About this site

Why I Built This

About three years ago I spent an entire weekend trying to figure out if a job offer was worth taking. It was in a different state. The salary looked fine on paper, but I had no way to tell if it was fine for that market.

So I did what most people do: opened Glassdoor, then Payscale, then Indeed, then LinkedIn Salary, then back to Glassdoor because maybe I'd missed something. An hour in I had five ranges that didn't agree with each other, half behind some signup wall, and none of them could tell me where in the distribution I'd actually land. Frustrating in a way that feels disproportionate to how simple the question is.

Here's the thing nobody really says out loud: most of that data is self-reported. Companies tell Glassdoor what they want to tell them. Employees type in whatever number feels right. There's no auditing, no consistent methodology, and honestly no good reason to think that 47 responses for "marketing manager in Denver" tells you much about the actual market. It might. It might not. You can't tell.

The Bureau of Labor Statistics surveys about 1.1 million employers every year. Mandatory participation. Consistent methodology going back to 1988. They publish the whole dataset for free, covering 800-plus occupations across every state. I found it after about two hours of digging through bls.gov (not a great website, for the record). The data was all there, just buried in Excel files with column names like A_PCT25 and H_MEDIAN that require cross-referencing a 40-page data dictionary to make sense of.

So I built StateWages. That's the whole story.

What the data actually is

Every number on this site comes from the BLS Occupational Employment and Wage Statistics program, May 2024 release. That's the most recent data available right now. The next release (May 2025 data) is scheduled for sometime in spring 2026, and I'll update the site within a few days of that coming out.

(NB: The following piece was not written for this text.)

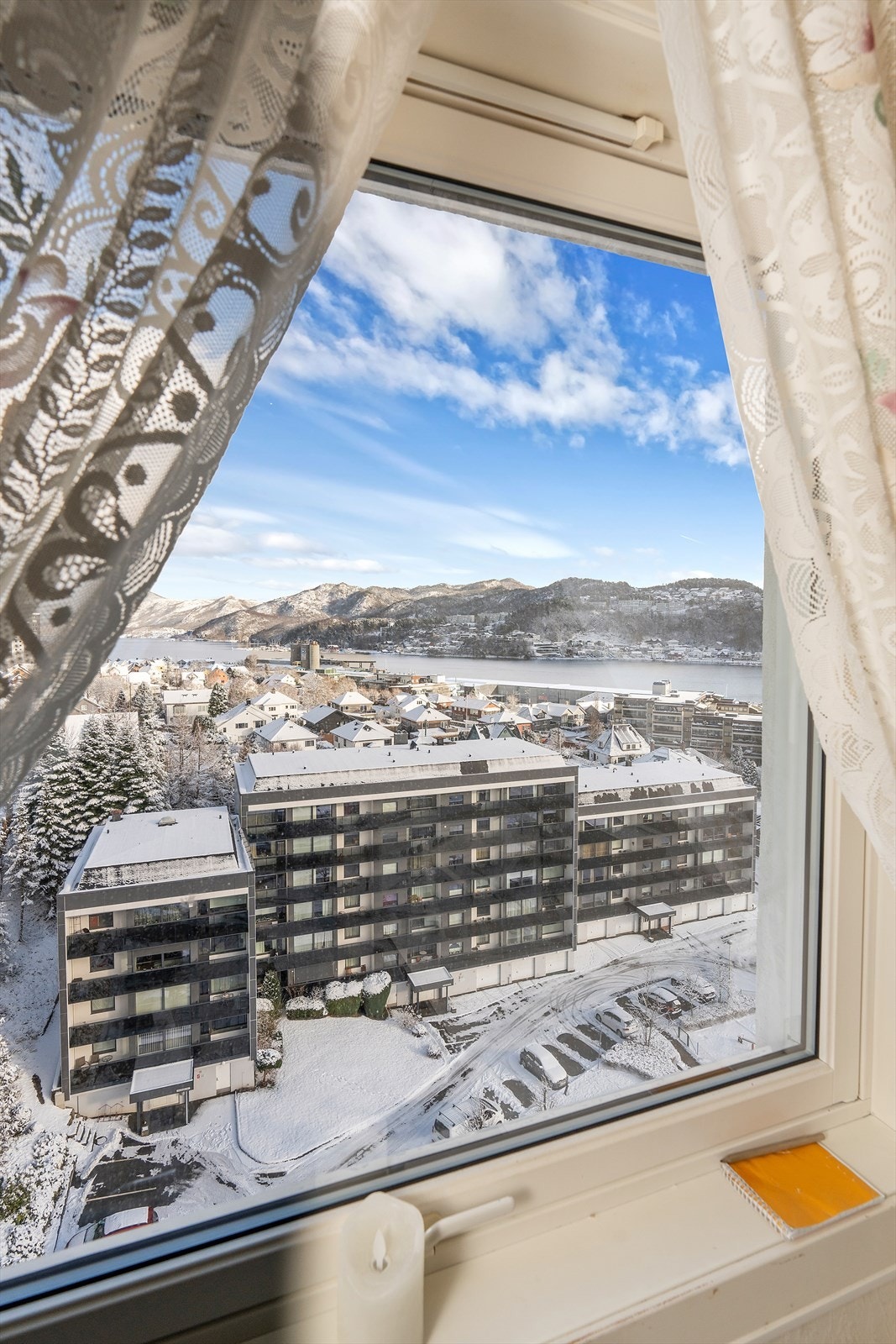 Utsikt over Gandsfjorden fra kjøkken Galleribilde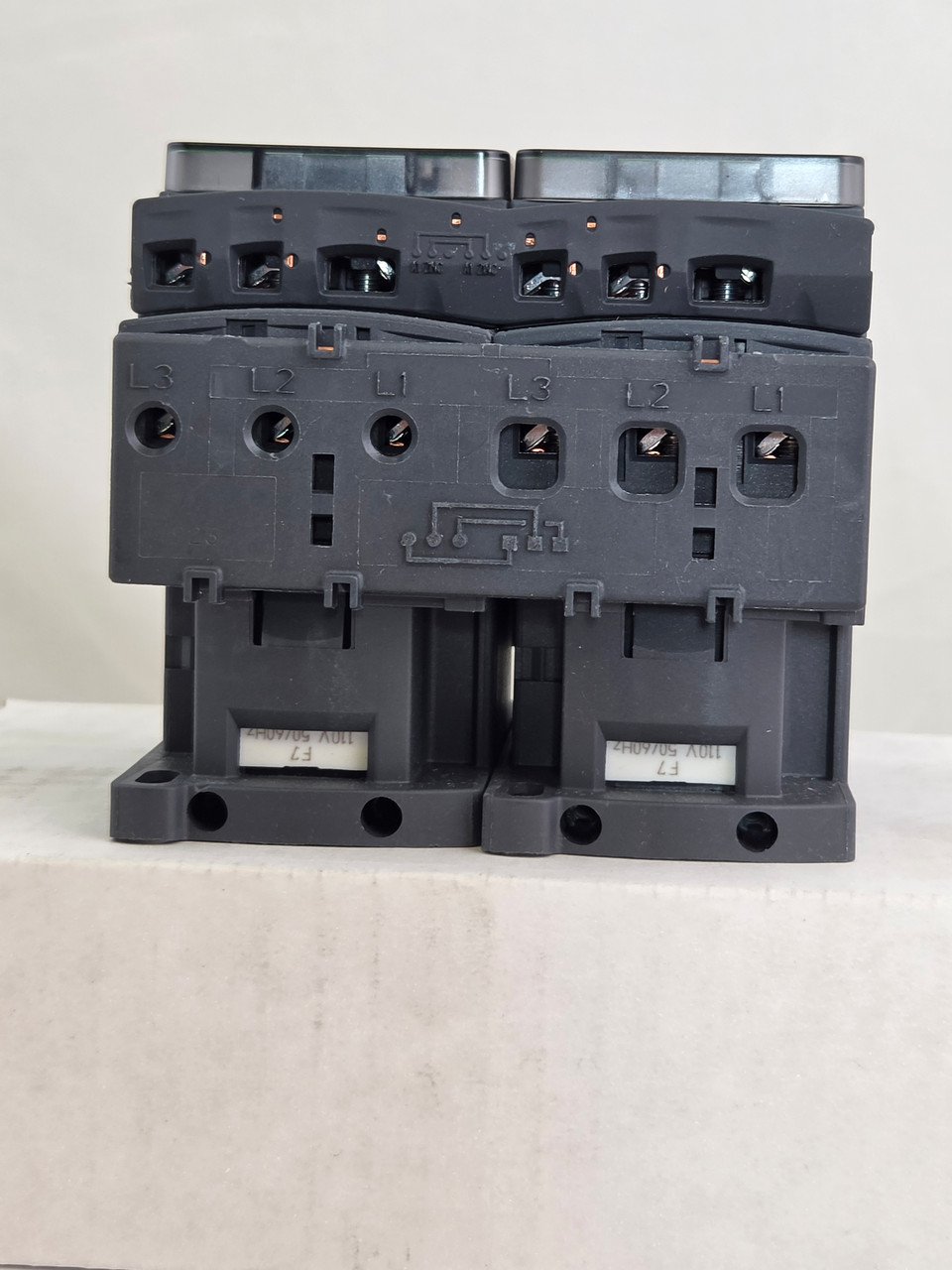 LC2D18F7 TeSys IEC Revesring Contactor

I download the raw file from bls.gov, run it through a processing script, and generate a page for every occupation-state combination that has enough observations to report. When the sample size for a particular job in a particular state is too small, BLS suppresses the data and I show "N/A." That's not a bug. That's the data telling you there aren't enough observations to give you a number worth trusting, and I'd rather show nothing than show something misleading.

The tradeoff (and I want to be straight about this) is that BLS data is a snapshot. It reflects employer survey responses from late 2023 and early 2024. Job markets move. If you're in a field that changed a lot in the last year, treat these numbers as a floor, not a ceiling, and check recent job postings too.

How to actually read a percentile

Most people see the median and stop. The percentile table is way more useful than that, and I think it's worth explaining what those numbers mean in plain terms.

The 10th percentile is roughly what someone just starting out earns, or what the job pays in a low-cost area with a small employer. The 90th percentile is a senior person at a large employer in a high-cost city. The median (50th percentile) is the middle of the market: half earn more, half earn less. When you're looking at a job offer and you want to know if it's good, the relevant question isn't whether it's above the median. It's where it falls relative to what someone with your experience level typically earns. That's usually somewhere in the 25th to 75th range, and the specific number shifts a lot by location.

A registered nurse in California earns a median of about $125,000. In Mississippi it's around $63,000. Same license. Same job title. Same BLS occupation code. The state is doing almost all the work there, and that's a real thing worth knowing before you take a job or move.

What this site isn't

Not a job board. Not trying to sell you a resume service or connect you with recruiters (though I'd be lying if I said I never thought about adding affiliate links to job boards). There are no accounts, no surveys, no premium tiers. The data is public and the site is free because there's really no reason it shouldn't be.

The site runs display ads. That's how it stays free and how I cover the time I put into it. I'd rather be upfront about that than pretend it's purely altruistic.

If a number looks wrong: the most likely explanation is data suppression or a rounding difference in how BLS reports certain fields. The raw source is always bls.gov/oes and that's the ground truth. If you find a genuine error in how I've processed the data, I want to know about it.